Indeed, CDC is fueling more and more software-driven decisions. Machine learning algorithms, an example of artificial intelligence (AI), teach themselves as they process continuously changing data. Machine learning practitioners need to test and score multiple, evolving models against one another to generate the best results, which often requires frequent sampling and adjustment of the underlying datasets. This can be part of larger cognitive systems that also apply deep learning, natural-language processing (NLP), and other advanced capabilities to understand text, audio, video, and other alternative data formats.
By sending incremental source updates to analytics targets, CDC can keep targets continuously current without batch loads that disrupt production operations. This is critical because it makes replication more feasible for a variety of use cases. Your analytics team might be willing to wait for the next nightly batch load to run its queries (although that’s increasingly less common). But even then, companies cannot stop their 24×7 production databases for a batch job. Kill the batch window with CDC and you keep production running full-time. You also can scale more easily and efficiently carry out high-volume data transfers to analytics targets.
Cloud data transfers have in many cases become costly and time-consuming bottlenecks for the simple reason that data growth has outpaced the bandwidth and economics of internet transmission lines. Loading and repeatedly reloading data from on-premises systems to the cloud can be prohibitively slow and costly.
“It takes more than two days to move a terabyte of data across a relatively speedy T3 line (20 GB/hour),” according to Wayne Eckerson and Stephen Smith in their Qlik-commissioned report “Seven Considerations When Building a Data Warehouse Environment in the Cloud” (April 2017). They elaborate:
And that assumes no service interruptions, which might require a full or partial restart…Before loading data, administrators need to compare estimated data volumes against network bandwidth to ascertain the time required to transfer data to the cloud. In most cases, it will make sense to use a replication tool with built-in change data capture (CDC) to transfer only deltas to source systems. This reduces the impact on network traffic and minimizes outages or delays.

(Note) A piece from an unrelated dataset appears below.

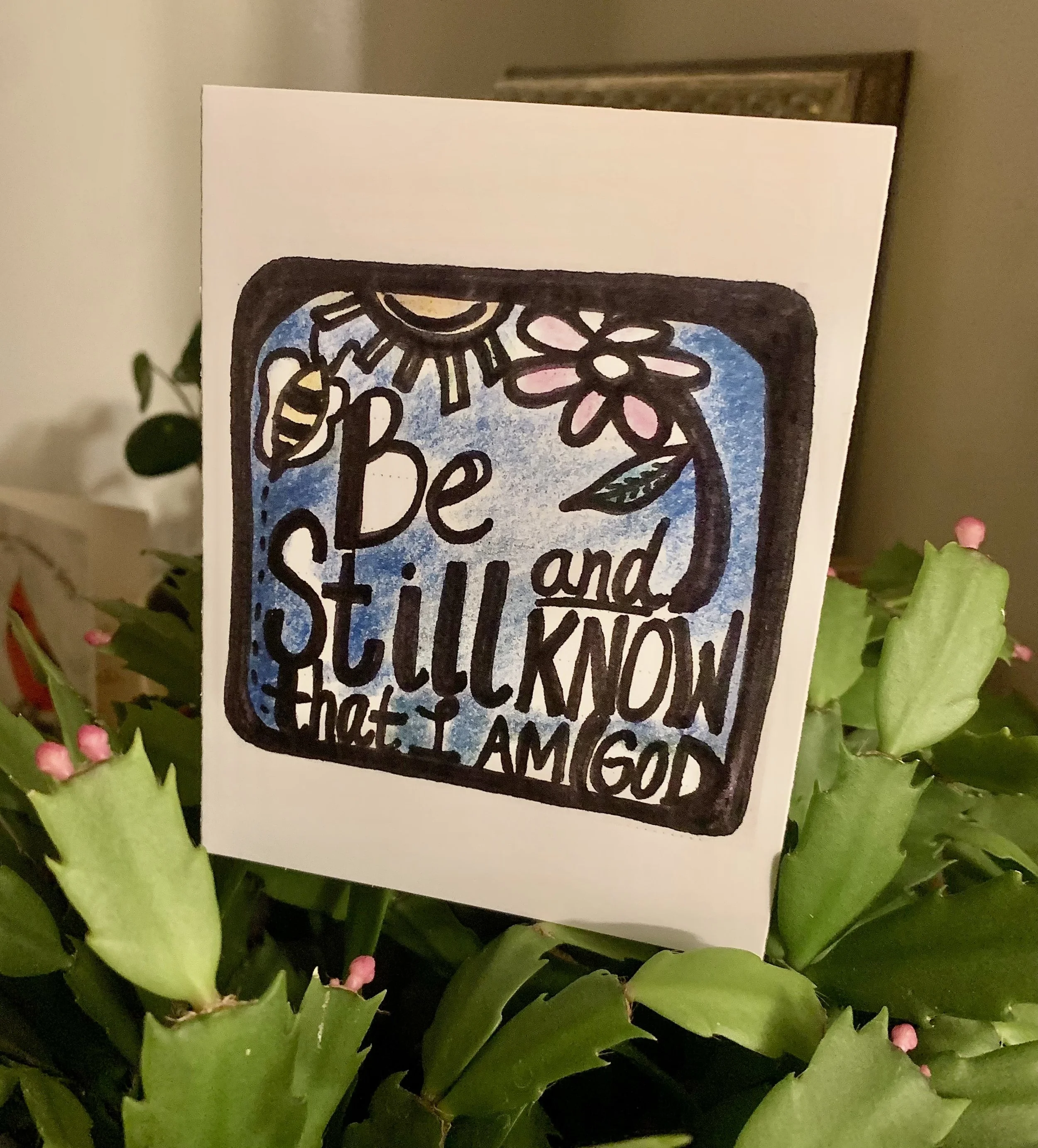 Be Still | Card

In summary, CDC helps modernize data environments by enabling faster and more accurate decisions, minimizing disruptions to production, and reducing cloud migration costs. An increasing number of organizations are turning to CDC, both as a foundation of replication platforms such as Qlik Replicate® and as a feature of broader extract, transform, and load (ETL) offerings such as Microsoft SQL Server Integration Services (SSIS). It uses CDC to meet the modern data architectural requirements of real-time data transfer, efficiency, scalability, and zero-production impact. In Chapter 2, we explore the mechanics of how that happens.